2.2.1 Software as a service (SaaS)

The way people get in contact with the cloud in their private lives is usually through SaaS. As we can see in Figure1, this is the model where the customer has no control over how the application is configured. From a customer perspective, applications using these are almost any application where the customer interacts with the application without the need of knowing anything about

(10)

cloud computing. The customers will not have access to any underlying infrastructure or platform, they will only be able to change the data associated with them. These applications are normally accessible through a user interface. Examples of this are Facebook, Pinterest and Google Drive. The user has an interface where they interact with the application. When the user for example uploads a photo, this will get uploaded to a cloud service but the user doesn’t have to know that to use the application. It can also be a service that a company needs which is accessible through the cloud. For example, Snowfires’ [32] platform allows customers to have their own website without having to handle any of the infrastructure around it. Some of the advantages with SaaS is lower initial costs and painless upgrades [33]. Initial costs are lower because the customer doesn’t need to build any infrastructure and only pay for what they are using. There is painless upgrades because when the service provider makes upgrades, this will immediately be upgraded also for the customer. SaaS can also take advantage of the Service Oriented Architecture (SOA) [34]. This can give applications the possibility to communicate with other applications. Each software can act as a service provider and provide their functionality to other applications. These services can often be of the type Application Programming Interfaces (APIs).

2.2.2 Platform as a service (PaaS)

The next level of service model is PaaS. With PaaS, the cloud customers can deploy their own code but don’t have to worry about the hardware. PaaS provides the customers with platform layer resources, including operating system support and software development frameworks [16]. The customer has tools to deploy their code and the cloud provider usually supports most of the available languages. This model can be a good solution for developers who don’t have the time or resources to handle the runtime, middleware or the operating system as in an IaaS model which are shown in Figure1. Instead of spending time maintaining these layers, developers can spend time with development of the application. The cloud customer doesn’t maintain the underlying cloud infrastructure, but often has the opportunity of choosing their preferred configuration settings for the hosting environment. PaaS customers are usually developers who deploy their applications to the platform and provide the application to the end users. One example of this is Google App Engine [35]

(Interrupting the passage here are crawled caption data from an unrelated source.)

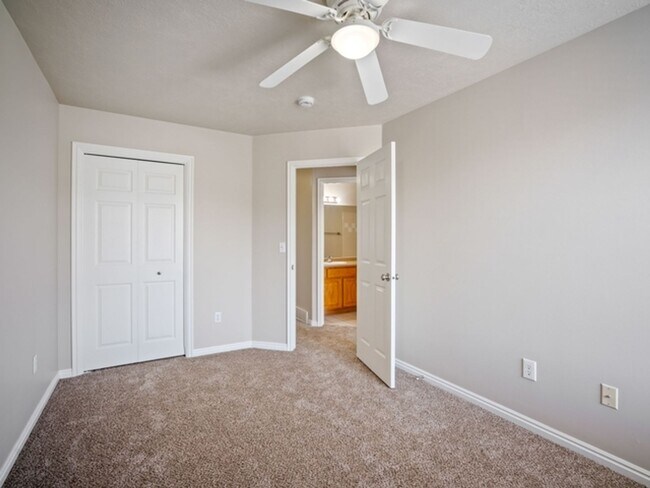 Building Photo - 1602 W Rockbridge Dr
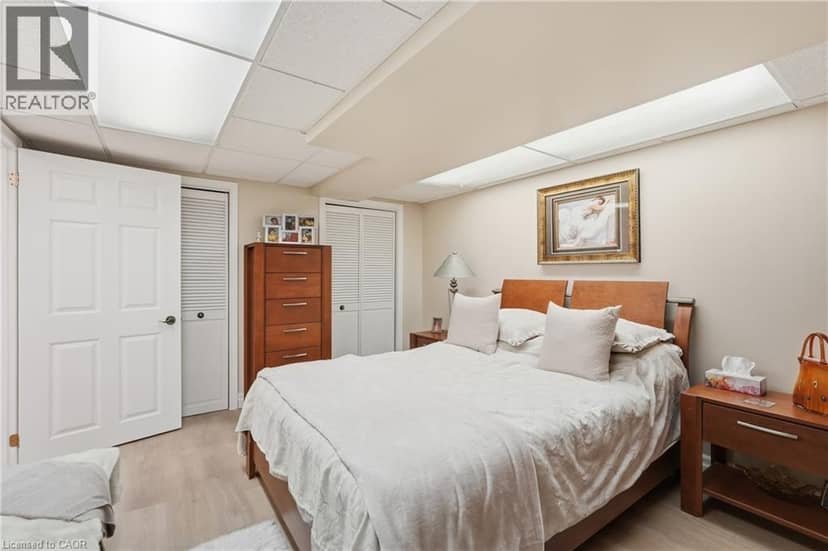 12 CHEVAL Drive — photo 35 of 40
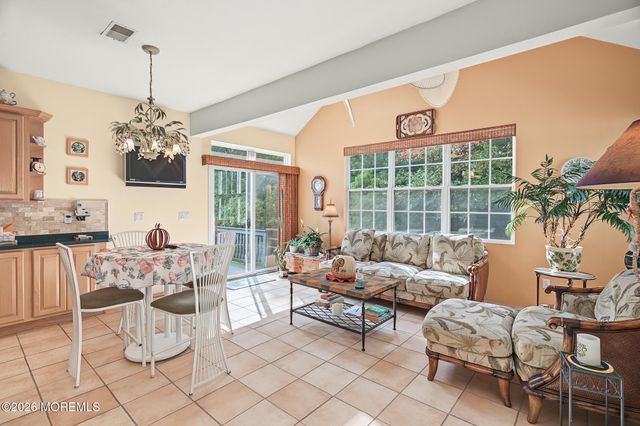 18 Pier Point, Tuckerton, NJ 08087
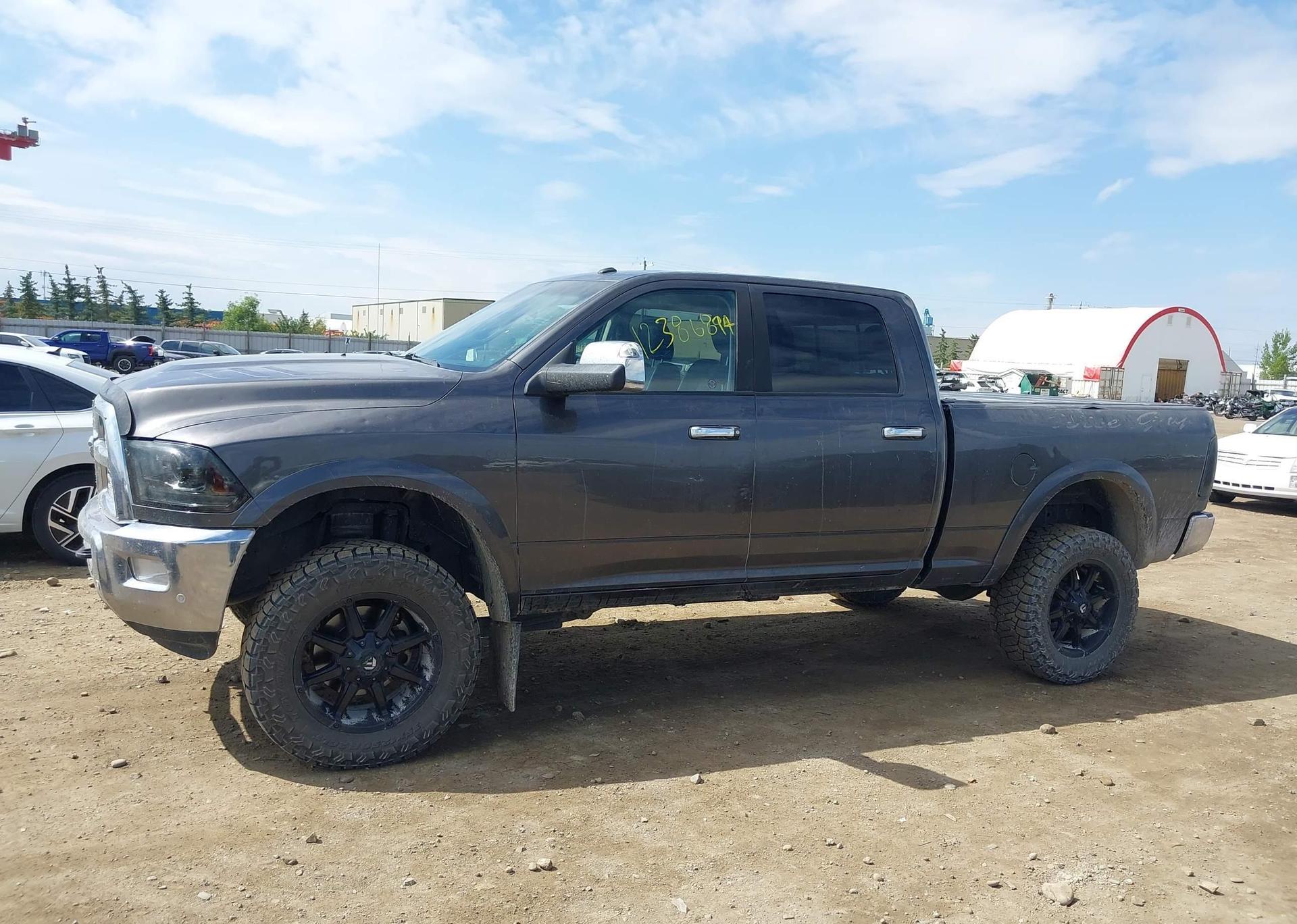 2016 RAM 3500 LARAMIE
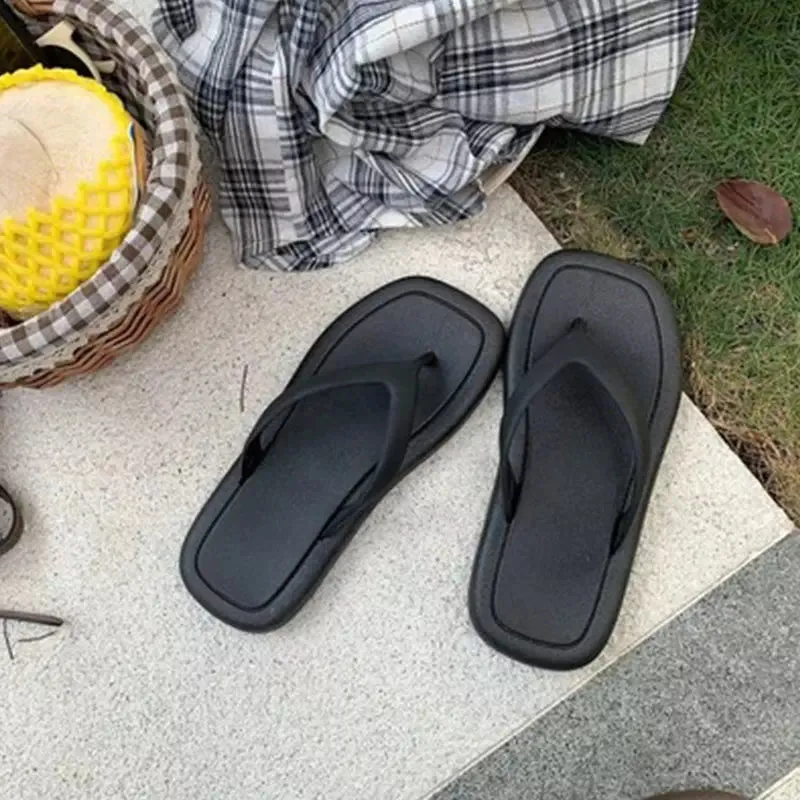 Lightweight orthopedic flip flops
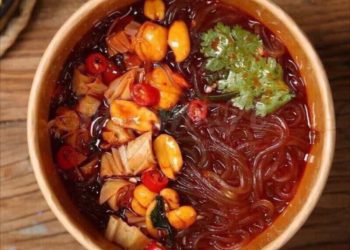 Cách trang trí miến Trùng Khánh Trung Quốc để thêm hấp dẫn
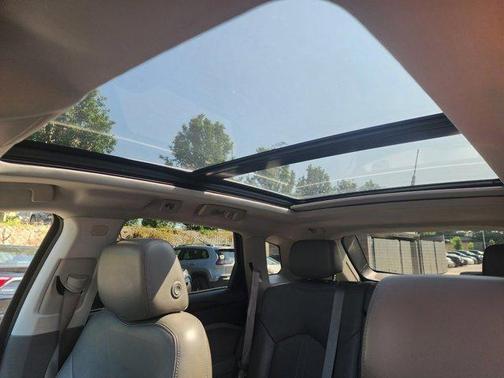 2011 Cadillac SRX Performance Collection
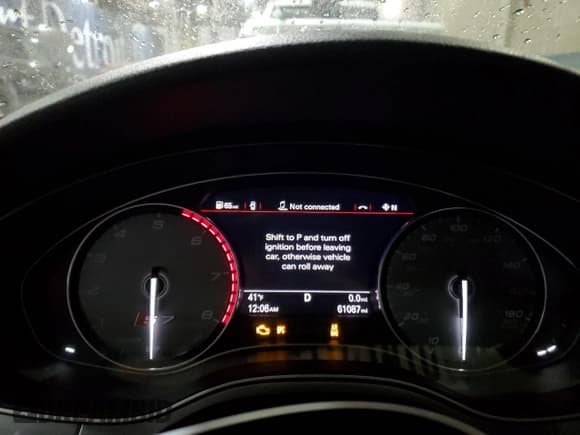 ✅ 2017 Audi S7 Premium Plus • VIN: WAUWFAFCXHN004763 • Lot: 87423724. Listed on Copart with 61,087 mi. Free auction sales archive from the USA and detailed vehicle history report at DreamBid. Image 9.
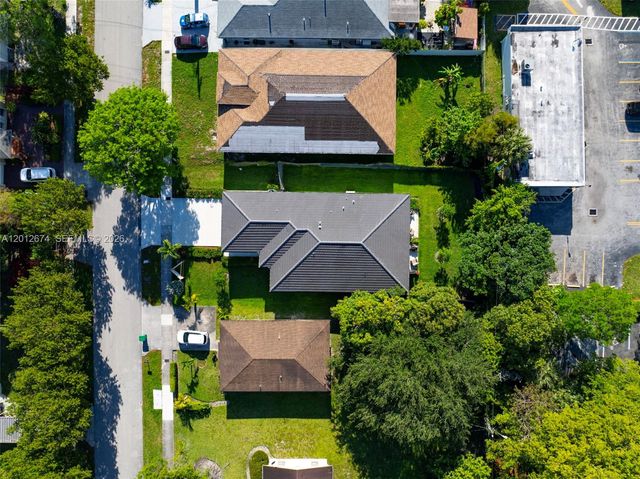 2962 NW 10th Ct, Fort Lauderdale, FL 33311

2.2.3 Infrastructure as a service (IaaS)

As we can see in Figure1, IaaS is the service model most recognizable with on-premise hosting. Here, the cloud customers are responsible for all layers except virtualization, servers, storage and networking. IaaS provides the customer with on-demand provisioning of infrastructural resources, usually by renting virtual machines (VMs) [16]. Users usually rent a VM with their preferred operating system installed and the cloud providers don’t care about what the customers do with the VM. With IaaS, customers don’t manage the underlying cloud infrastructure but has control over the operating system and sometimes limited control over networking components [23]. Snowfire AB is for example a IaaS customer which provides the actual application to their customers and thereby is a SaaS provider for their customers.

2.3 Deployment models

We have talked about cloud computing as a whole and what different service models there are. There are also different deployment models, each with their own agenda and functionality. The biggest difference between these models are to whom they are targeting.

2.3.1 Private cloud

A private cloud is provisioned exclusively for a single organization that can have multiple business units (consumers) [23]. This is often a cloud which have the resources on-premise. The on-premise data centers can be called a cloud when they are large enough to benefit from the advantages of cloud computing [36]. With that said, a small on-premise data center can not be called a private cloud because it can not utilize the advantages of cloud computing.

(11)

2.3.2 Community cloud

A community cloud is a kind of private cloud, but instead of only being provisioned for a single organization, it is provisioned for a community of organizations. These organizations typically have shared concerns about things like security requirements and policies [23].

2.3.3 Public cloud

The cloud is provisioned for the general public. That means, anyone that wants and can afford to use a public cloud, will have access to do so.

2.3.4 Hybrid cloud

There are also clouds that are a composition of two clouds. A hybrid cloud can be combined of two or more distinct cloud infrastructures (private, community or public) and be bound together by technology that ensures data and application portability [23].

(12)

3 Related Work

This section gives an overview of previous work. Section 3.1 shows previous work in finding availability problems and work on evaluating monitoring techniques. In Section3.2 we describe previous work on the two different scaling techniques, both evaluations and how scalability can be achieved. Section3.3shows previous work on finding definitions for performance evaluations and what performance metrics that are important in such an evaluation.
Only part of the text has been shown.